What Diabase Looks Like

Diabase (also called dolerite) is a dark, medium-grained intrusive igneous rock with the same composition as basalt and gabbro. It is dominated by plagioclase feldspar and pyroxene (augite), giving a dark gray to greenish-black, salt-and-pepper appearance. Its hallmark is an ophitic texture: lath-shaped plagioclase crystals enclosed within larger pyroxene grains, often visible with a loupe.

Key visual cues:

  • Color: dark gray, greenish-black, to black.
  • Grain size: medium (crystals visible to the eye/loupe), between fine basalt and coarse gabbro.
  • Texture: ophitic/subophitic; interlocking, no layering.
  • Luster: dull to subvitreous on fresh surfaces.

Step-by-Step Field-ID Checklist

  1. Assess grain size.
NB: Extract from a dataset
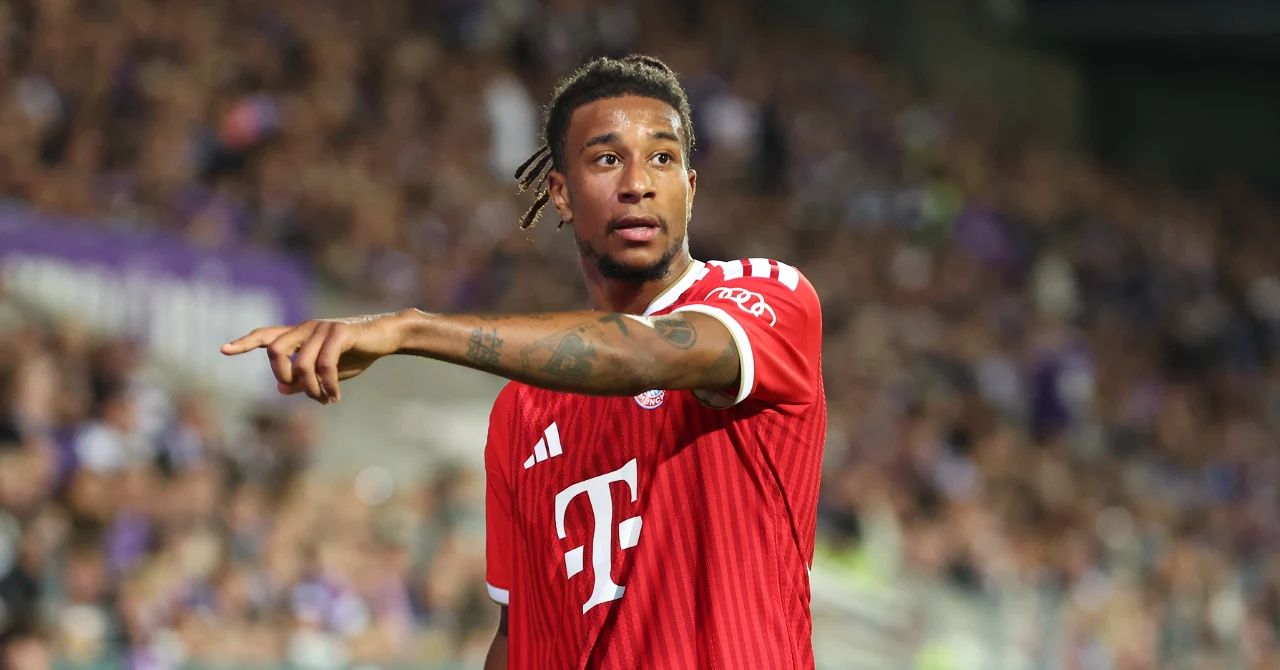 Champions League: Bayern Munich-Bodo/Glimt, which channel is broadcasting the match?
Crystals are visible but not coarse — finer than gabbro, coarser than basalt.
  2. Look for the salt-and-pepper mix of light plagioclase laths and dark pyroxene.
  3. Check for ophitic texture with a loupe — feldspar laths set in pyroxene.
  4. Test hardness. The rock as a whole scratches glass (silicate minerals, Mohs ~5.5–6.5).
  5. Heft it. It feels dense and heavy for its size.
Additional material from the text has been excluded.